> [INSTRUCTIONS TO FOLLOW]
Everything in the data below except the pictures must be repeated word for word.

> [DATA BLOCK]
------------
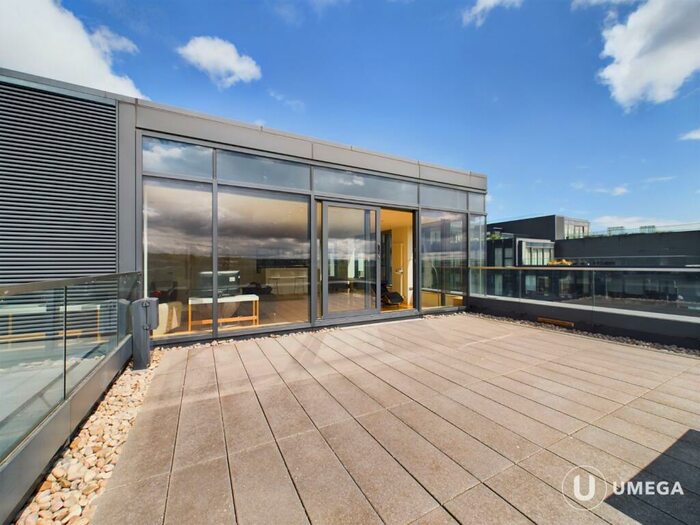 2 Bedroom Flat To Rent In Simpson Loan, Quartermile, Edinburgh, EH3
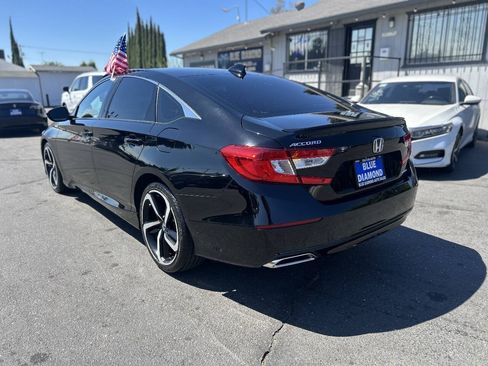 Used 2018 Honda Accord Sport image 4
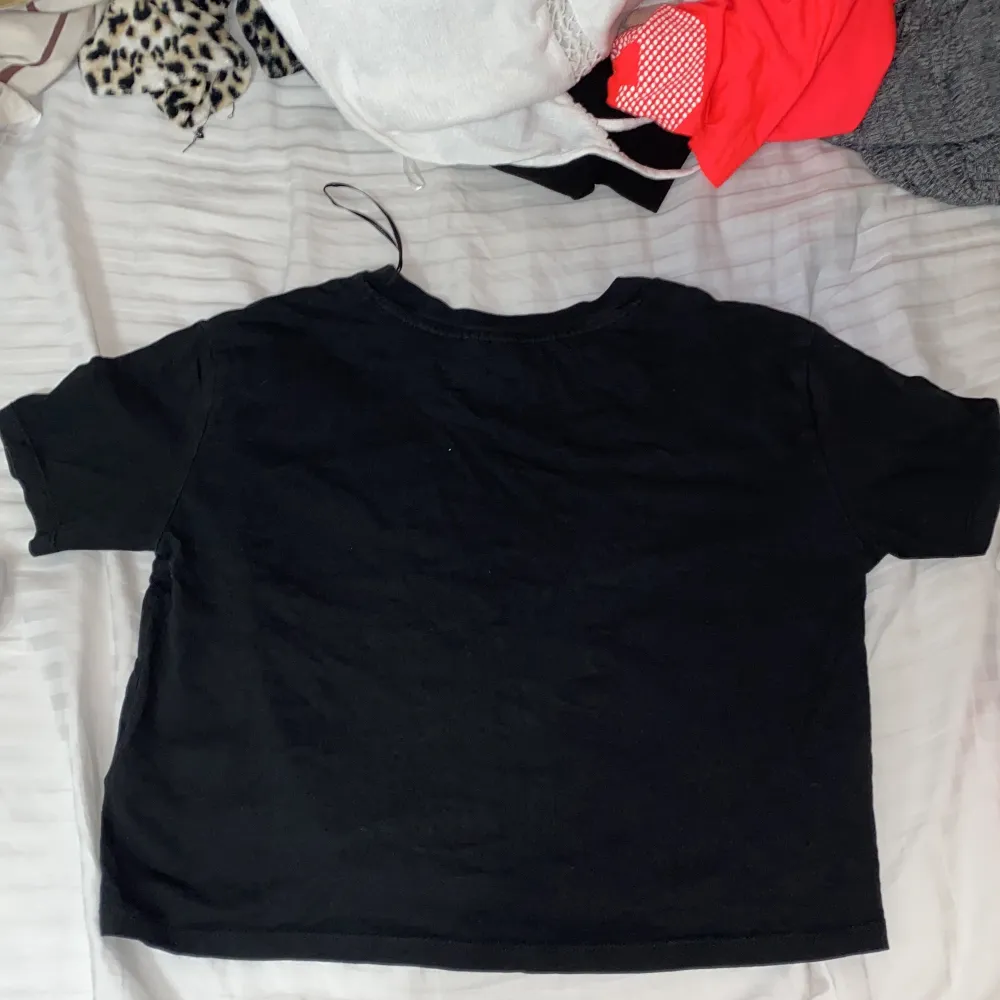 En jättefin svart tröja som har ett tryck. Är i storlek XS. Köparen står för frakten ❤️. T-shirts.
------------
> [TASK SOLUTION]
 2 Bedroom Flat To Rent In Simpson Loan, Quartermile, Edinburgh, EH3
 Used 2018 Honda Accord Sport image 4
 En jättefin svart tröja som har ett tryck. Är i storlek XS. Köparen står för frakten ❤️. T-shirts.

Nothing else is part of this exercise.